§ **WORK TO BE COMPLETED**: Exactly reproduce each record listed below.

§ **GIVEN ENTRIES**:
[Start of Attachment]

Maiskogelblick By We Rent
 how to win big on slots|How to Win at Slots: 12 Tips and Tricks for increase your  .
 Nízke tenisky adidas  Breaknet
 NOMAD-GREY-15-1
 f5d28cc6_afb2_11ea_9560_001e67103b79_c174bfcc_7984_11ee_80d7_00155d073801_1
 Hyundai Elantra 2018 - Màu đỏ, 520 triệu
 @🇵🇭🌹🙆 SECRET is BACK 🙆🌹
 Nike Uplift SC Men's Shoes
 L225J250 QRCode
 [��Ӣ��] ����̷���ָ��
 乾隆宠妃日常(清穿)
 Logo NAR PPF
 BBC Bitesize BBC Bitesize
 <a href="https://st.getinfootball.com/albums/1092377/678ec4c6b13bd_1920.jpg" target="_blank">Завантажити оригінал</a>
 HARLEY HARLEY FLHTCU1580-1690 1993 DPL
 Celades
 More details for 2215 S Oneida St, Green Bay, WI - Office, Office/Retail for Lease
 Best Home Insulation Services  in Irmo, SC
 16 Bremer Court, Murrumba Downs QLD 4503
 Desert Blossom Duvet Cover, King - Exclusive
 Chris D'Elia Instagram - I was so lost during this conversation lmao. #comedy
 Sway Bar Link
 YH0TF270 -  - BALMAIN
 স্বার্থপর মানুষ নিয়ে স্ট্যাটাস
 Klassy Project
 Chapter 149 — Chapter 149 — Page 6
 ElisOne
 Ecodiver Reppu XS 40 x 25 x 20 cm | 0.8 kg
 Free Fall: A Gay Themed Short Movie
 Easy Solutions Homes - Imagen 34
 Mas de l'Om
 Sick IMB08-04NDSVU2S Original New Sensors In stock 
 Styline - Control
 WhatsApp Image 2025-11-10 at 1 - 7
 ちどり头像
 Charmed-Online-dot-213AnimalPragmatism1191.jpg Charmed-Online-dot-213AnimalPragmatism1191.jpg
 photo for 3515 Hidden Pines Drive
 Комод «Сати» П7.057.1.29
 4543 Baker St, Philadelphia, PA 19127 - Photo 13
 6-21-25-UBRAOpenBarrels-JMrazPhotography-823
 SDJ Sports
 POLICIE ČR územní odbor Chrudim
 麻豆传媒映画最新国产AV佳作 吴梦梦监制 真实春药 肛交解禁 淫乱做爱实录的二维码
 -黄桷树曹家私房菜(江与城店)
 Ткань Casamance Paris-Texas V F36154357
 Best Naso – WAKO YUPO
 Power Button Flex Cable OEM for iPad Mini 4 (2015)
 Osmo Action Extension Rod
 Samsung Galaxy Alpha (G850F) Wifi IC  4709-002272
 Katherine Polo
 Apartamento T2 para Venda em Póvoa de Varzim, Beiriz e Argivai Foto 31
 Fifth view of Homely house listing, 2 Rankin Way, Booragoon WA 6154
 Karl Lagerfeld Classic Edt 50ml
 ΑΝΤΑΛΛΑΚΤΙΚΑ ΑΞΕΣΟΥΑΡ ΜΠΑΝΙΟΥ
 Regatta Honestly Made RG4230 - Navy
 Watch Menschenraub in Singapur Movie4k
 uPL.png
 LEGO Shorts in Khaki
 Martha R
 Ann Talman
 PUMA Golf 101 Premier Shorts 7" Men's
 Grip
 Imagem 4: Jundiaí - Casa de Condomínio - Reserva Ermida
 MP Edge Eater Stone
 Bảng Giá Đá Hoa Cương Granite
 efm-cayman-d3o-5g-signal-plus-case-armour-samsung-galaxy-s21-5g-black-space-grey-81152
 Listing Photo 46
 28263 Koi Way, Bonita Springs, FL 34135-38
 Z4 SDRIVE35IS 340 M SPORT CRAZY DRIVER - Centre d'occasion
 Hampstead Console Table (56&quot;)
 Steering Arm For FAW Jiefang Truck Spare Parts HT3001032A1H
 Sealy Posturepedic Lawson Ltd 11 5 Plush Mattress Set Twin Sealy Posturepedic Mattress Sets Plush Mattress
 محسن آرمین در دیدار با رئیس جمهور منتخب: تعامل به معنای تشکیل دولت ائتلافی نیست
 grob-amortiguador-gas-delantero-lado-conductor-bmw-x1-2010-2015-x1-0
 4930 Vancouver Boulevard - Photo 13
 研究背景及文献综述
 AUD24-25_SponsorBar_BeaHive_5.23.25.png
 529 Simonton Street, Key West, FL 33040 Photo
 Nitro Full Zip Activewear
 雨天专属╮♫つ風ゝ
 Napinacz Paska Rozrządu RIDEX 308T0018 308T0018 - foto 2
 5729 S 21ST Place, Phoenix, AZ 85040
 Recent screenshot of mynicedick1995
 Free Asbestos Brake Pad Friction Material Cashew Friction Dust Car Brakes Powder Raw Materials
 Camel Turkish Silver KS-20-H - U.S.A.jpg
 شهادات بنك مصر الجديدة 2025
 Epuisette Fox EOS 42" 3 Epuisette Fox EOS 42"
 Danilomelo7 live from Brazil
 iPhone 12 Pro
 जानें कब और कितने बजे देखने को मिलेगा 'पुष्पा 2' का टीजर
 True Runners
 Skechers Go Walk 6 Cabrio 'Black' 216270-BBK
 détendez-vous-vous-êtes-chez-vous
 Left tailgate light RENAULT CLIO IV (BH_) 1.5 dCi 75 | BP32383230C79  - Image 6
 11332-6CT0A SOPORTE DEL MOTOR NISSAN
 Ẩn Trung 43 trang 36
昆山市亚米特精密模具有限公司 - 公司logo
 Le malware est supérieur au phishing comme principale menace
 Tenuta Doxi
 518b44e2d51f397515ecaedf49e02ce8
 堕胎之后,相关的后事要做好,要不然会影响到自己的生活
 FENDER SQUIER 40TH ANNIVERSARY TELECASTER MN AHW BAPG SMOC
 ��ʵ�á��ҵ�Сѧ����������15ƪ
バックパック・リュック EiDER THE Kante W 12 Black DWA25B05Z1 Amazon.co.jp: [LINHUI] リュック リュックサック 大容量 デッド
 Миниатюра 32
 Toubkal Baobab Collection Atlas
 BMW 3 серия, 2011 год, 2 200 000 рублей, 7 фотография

[End of Attachment]

§ **REPLY TO THE TASK**:
Maiskogelblick By We Rent
 how to win big on slots|How to Win at Slots: 12 Tips and Tricks for increase your  .
 Nízke tenisky adidas  Breaknet
 NOMAD-GREY-15-1
 f5d28cc6_afb2_11ea_9560_001e67103b79_c174bfcc_7984_11ee_80d7_00155d073801_1
 Hyundai Elantra 2018 - Màu đỏ, 520 triệu
 @🇵🇭🌹🙆 SECRET is BACK 🙆🌹
 Nike Uplift SC Men's Shoes
 L225J250 QRCode
 [��Ӣ��] ����̷���ָ��
 乾隆宠妃日常(清穿)
 Logo NAR PPF
 BBC Bitesize BBC Bitesize
 <a href="https://st.getinfootball.com/albums/1092377/678ec4c6b13bd_1920.jpg" target="_blank">Завантажити оригінал</a>
 HARLEY HARLEY FLHTCU1580-1690 1993 DPL
 Celades
 More details for 2215 S Oneida St, Green Bay, WI - Office, Office/Retail for Lease
 Best Home Insulation Services  in Irmo, SC
 16 Bremer Court, Murrumba Downs QLD 4503
 Desert Blossom Duvet Cover, King - Exclusive
 Chris D'Elia Instagram - I was so lost during this conversation lmao. #comedy
 Sway Bar Link
 YH0TF270 -  - BALMAIN
 স্বার্থপর মানুষ নিয়ে স্ট্যাটাস
 Klassy Project
 Chapter 149 — Chapter 149 — Page 6
 ElisOne
 Ecodiver Reppu XS 40 x 25 x 20 cm | 0.8 kg
 Free Fall: A Gay Themed Short Movie
 Easy Solutions Homes - Imagen 34
 Mas de l'Om
 Sick IMB08-04NDSVU2S Original New Sensors In stock 
 Styline - Control
 WhatsApp Image 2025-11-10 at 1 - 7
 ちどり头像
 Charmed-Online-dot-213AnimalPragmatism1191.jpg Charmed-Online-dot-213AnimalPragmatism1191.jpg
 photo for 3515 Hidden Pines Drive
 Комод «Сати» П7.057.1.29
 4543 Baker St, Philadelphia, PA 19127 - Photo 13
 6-21-25-UBRAOpenBarrels-JMrazPhotography-823
 SDJ Sports
 POLICIE ČR územní odbor Chrudim
 麻豆传媒映画最新国产AV佳作 吴梦梦监制 真实春药 肛交解禁 淫乱做爱实录的二维码
 -黄桷树曹家私房菜(江与城店)
 Ткань Casamance Paris-Texas V F36154357
 Best Naso – WAKO YUPO
 Power Button Flex Cable OEM for iPad Mini 4 (2015)
 Osmo Action Extension Rod
 Samsung Galaxy Alpha (G850F) Wifi IC  4709-002272
 Katherine Polo
 Apartamento T2 para Venda em Póvoa de Varzim, Beiriz e Argivai Foto 31
 Fifth view of Homely house listing, 2 Rankin Way, Booragoon WA 6154
 Karl Lagerfeld Classic Edt 50ml
 ΑΝΤΑΛΛΑΚΤΙΚΑ ΑΞΕΣΟΥΑΡ ΜΠΑΝΙΟΥ
 Regatta Honestly Made RG4230 - Navy
 Watch Menschenraub in Singapur Movie4k
 uPL.png
 LEGO Shorts in Khaki
 Martha R
 Ann Talman
 PUMA Golf 101 Premier Shorts 7" Men's
 Grip
 Imagem 4: Jundiaí - Casa de Condomínio - Reserva Ermida
 MP Edge Eater Stone
 Bảng Giá Đá Hoa Cương Granite
 efm-cayman-d3o-5g-signal-plus-case-armour-samsung-galaxy-s21-5g-black-space-grey-81152
 Listing Photo 46
 28263 Koi Way, Bonita Springs, FL 34135-38
 Z4 SDRIVE35IS 340 M SPORT CRAZY DRIVER - Centre d'occasion
 Hampstead Console Table (56&quot;)
 Steering Arm For FAW Jiefang Truck Spare Parts HT3001032A1H
 Sealy Posturepedic Lawson Ltd 11 5 Plush Mattress Set Twin Sealy Posturepedic Mattress Sets Plush Mattress
 محسن آرمین در دیدار با رئیس جمهور منتخب: تعامل به معنای تشکیل دولت ائتلافی نیست
 grob-amortiguador-gas-delantero-lado-conductor-bmw-x1-2010-2015-x1-0
 4930 Vancouver Boulevard - Photo 13
 研究背景及文献综述
 AUD24-25_SponsorBar_BeaHive_5.23.25.png
 529 Simonton Street, Key West, FL 33040 Photo
 Nitro Full Zip Activewear
 雨天专属╮♫つ風ゝ
 Napinacz Paska Rozrządu RIDEX 308T0018 308T0018 - foto 2
 5729 S 21ST Place, Phoenix, AZ 85040
 Recent screenshot of mynicedick1995
 Free Asbestos Brake Pad Friction Material Cashew Friction Dust Car Brakes Powder Raw Materials
 Camel Turkish Silver KS-20-H - U.S.A.jpg
 شهادات بنك مصر الجديدة 2025
 Epuisette Fox EOS 42" 3 Epuisette Fox EOS 42"
 Danilomelo7 live from Brazil
 iPhone 12 Pro
 जानें कब और कितने बजे देखने को मिलेगा 'पुष्पा 2' का टीजर
 True Runners
 Skechers Go Walk 6 Cabrio 'Black' 216270-BBK
 détendez-vous-vous-êtes-chez-vous
 Left tailgate light RENAULT CLIO IV (BH_) 1.5 dCi 75 | BP32383230C79  - Image 6
 11332-6CT0A SOPORTE DEL MOTOR NISSAN
 Ẩn Trung 43 trang 36
昆山市亚米特精密模具有限公司 - 公司logo
 Le malware est supérieur au phishing comme principale menace
 Tenuta Doxi
 518b44e2d51f397515ecaedf49e02ce8
 堕胎之后,相关的后事要做好,要不然会影响到自己的生活
 FENDER SQUIER 40TH ANNIVERSARY TELECASTER MN AHW BAPG SMOC
 ��ʵ�á��ҵ�Сѧ����������15ƪ
バックパック・リュック EiDER THE Kante W 12 Black DWA25B05Z1 Amazon.co.jp: [LINHUI] リュック リュックサック 大容量 デッド
 Миниатюра 32
 Toubkal Baobab Collection Atlas
 BMW 3 серия, 2011 год, 2 200 000 рублей, 7 фотография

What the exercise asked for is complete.